In a similar manner, the distribution of the vdW parameters of the hydrogen (Fig. 4D and E) is more uniform compared with the oxygen parameters, i.e., less defined pools. Still, the same expected anti-correlation behavior is seen in Fig. 5F.
It is known71 that in order to achieve a correct density and diffusion water properties, the parameter ranges of the water models needs to fulfill rmin,O < 2.0 Å and |pcO| > 0.8 respectively. Using the unbiased prior distribution of force differences, we obtained that except for the molecular resolution, for the other two cases all the potentials gave |pcO| < 0.8, and for all the cases rmin,O > 2.0 Å (Tables shown in the ESI†). It is then clear, that the right parameter space is never sampled in order to obtain good parameters of the water model and thus, we do not investigate it further.
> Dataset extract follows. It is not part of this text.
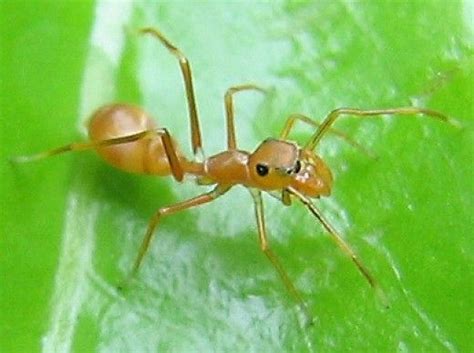 Amazing Spiders Strange And Interesting Arachnid Facts Formiga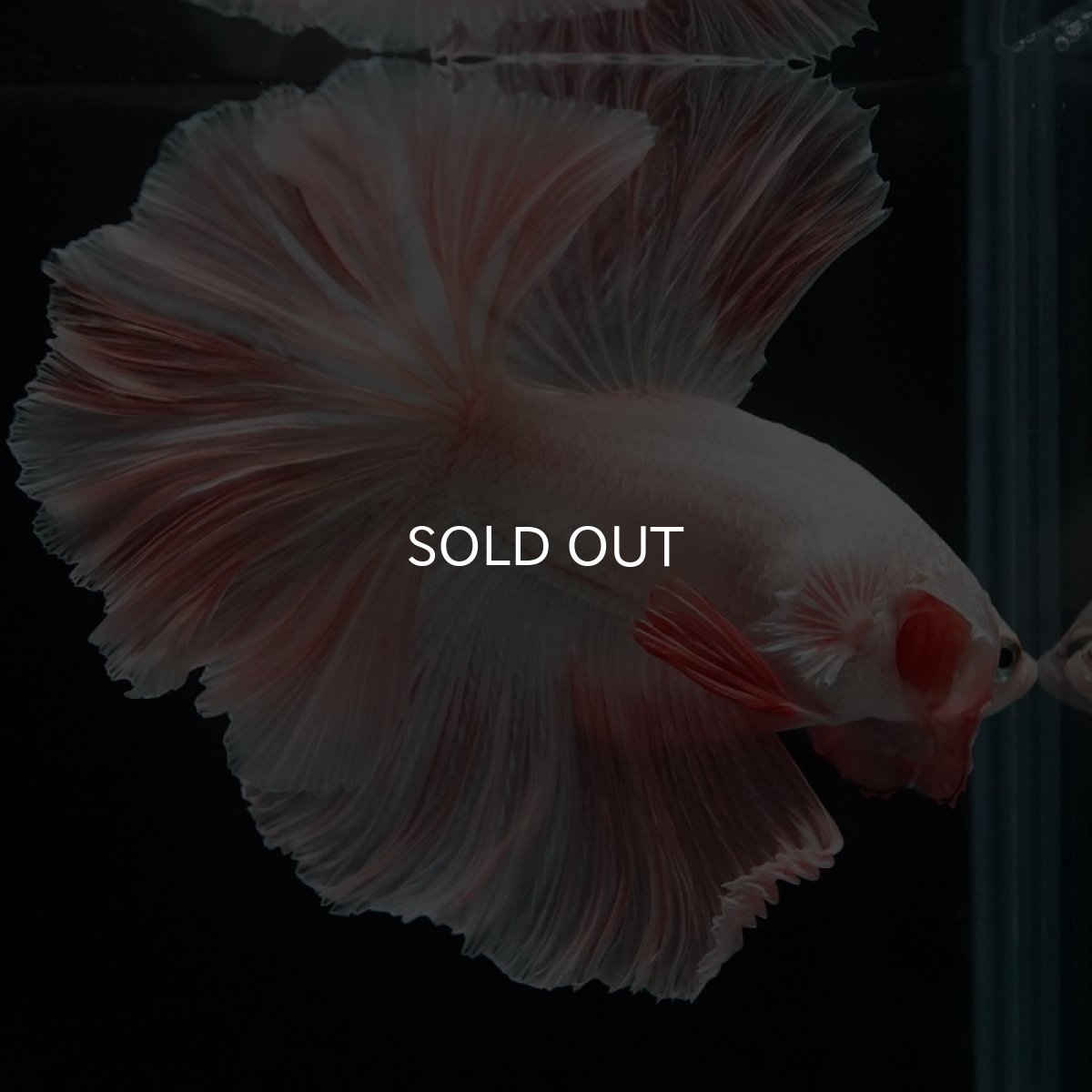 画像13: HM オレンジドラゴン ローズテール (13)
From the Table 9, we conclude that these basic properties of our parameterized models are very unsatisfactory. There is not a single set of parameters giving at the same time better results than the worse of the currently used models. For comparison, we present also a GAFF water model, obtained by standard Antechamber parameterization,31 which is far from perfect with respect to the experimental density and diffusion coefficient, but still remarkably good taking into account its simplicity as compared to the procedure of this study.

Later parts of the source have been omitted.